Leadership talent is generally an area of strategic importance for most

organizations. As business becomes increasingly complex, the leadership

competencies that are necessary for success have become harder to find

and develop. In an environment where leaders no longer stay with one

company for their entire career, it is critical to ensure leadership

continuity and a flow of leaders through all career stages (Charan,

Drotter, & Noel, 2001).

Executives must look not only at their current leadership teams to assess

whether they have the performance levels and competencies needed for

the short term, but also to the future needs of the organization. It is

important for them to ask the questions:

• Where will the next generation of leaders come from?
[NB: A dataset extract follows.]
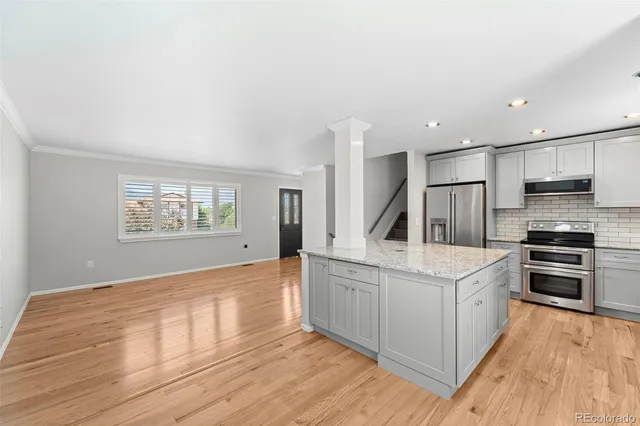 a large white kitchen with stainless steel appliances granite countertop a stove and a sink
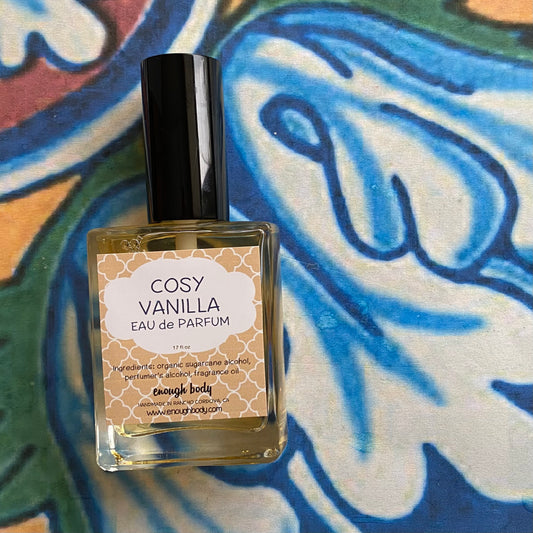 A glass bottle of Cosy Vanilla Eau de Parfum spray with a black spray mister top, placed against a colorful floral background.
• Are we grooming leaders early in their career and facilitating their career

progression?

• Do we have talent shortages in early career, midcareer, or senior

leadership talent?

Once these questions have been answered, then targeted programs can be

created to grow leadership at the different stages within the pipeline.

Leadership capability is a key differentiator between companies with

sustained success and other less successful companies (Holstein, 2005).
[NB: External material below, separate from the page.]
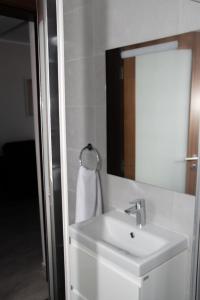 y baño con lavabo blanco y espejo. en Graziosa Penthouse en Il-Ħamrija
Therefore, identifying and developing employees with leadership

potential is a major area of focus and investment in leading companies.

Also, attracting and retaining leadership talent is a priority in top-

performing companies.

Every organization has key functions that are of critical importance to the

organization’s strategy at a given time. Typically these functions become

dominant in the culture, while other functions play a secondary or

supporting role (Hewitt, 2000). For example, in technology companies,

the hardware and software engineers fuel product development and

innovation (the core goal of the company), while marketing, finance, and

operations are essentially supportive functions. As their markets mature,

some technology companies may find that they need to shift their focus to

marketing and field service, in which case their talent strategy needs to be

adjusted to increase the attention given to those functions.
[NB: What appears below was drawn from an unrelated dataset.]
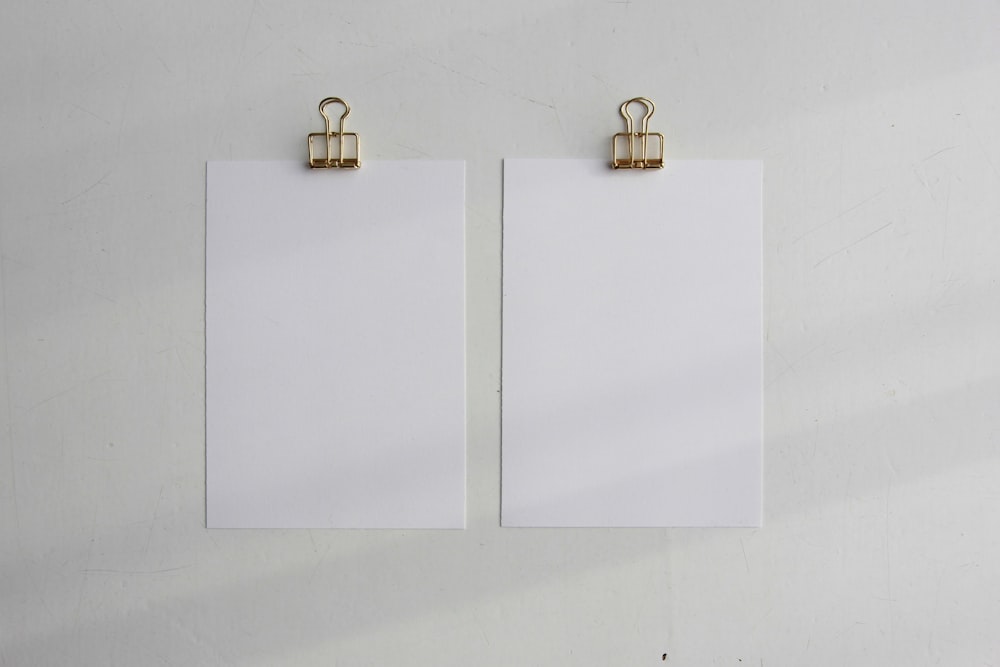 two blank paper with clippings attached to a wall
When a company embarks on a new business strategy it is particularly

important to identify which functions need to be strengthened and

supported by the talent strategy. Treacy and Wiersema (1995) proposed

that although companies need to be good at three fundamental business

strategies—product innovation, operational excellence, and customer

intimacy—they should aim to excel at only one, in which case, the

company’s focus will be reflected in the dominance of certain functions in

the organization (see Table 2.1). For example, when one diversified

manufacturing conglomerate moved toward a strategy of accelerated

revenue growth from developing existing products and markets as well as

acquiring new companies, it started to hire and develop business

presidents from different functional backgrounds. Traditionally all

business presidents in this company had come from either the finance or

operations functions, but seven years later, over a third of these roles had

leaders with sales, service, or marketing backgrounds. This represented a

significant shift in the general management capabilities inside the

company, and one that was more in line with their new market

orientation and growth strategy.

Table 2.1. Identifying Talent Needs to Achieve Business Strategy

Source: Treacy & Wiersema (1995).

In many instances, products or services rely on a particular technology for

a competitive advantage in the marketplace. As technologies develop and

change, it may be necessary to recruit or develop talent with different

experience. This can be a challenge, particularly if a company has built its

culture around one technology and now needs to incorporate new

approaches. In the energy industry, for example, large petroleum

companies are investing in new technologies such as geothermal energy

and biofuels in order to meet society’s demand for renewable energies.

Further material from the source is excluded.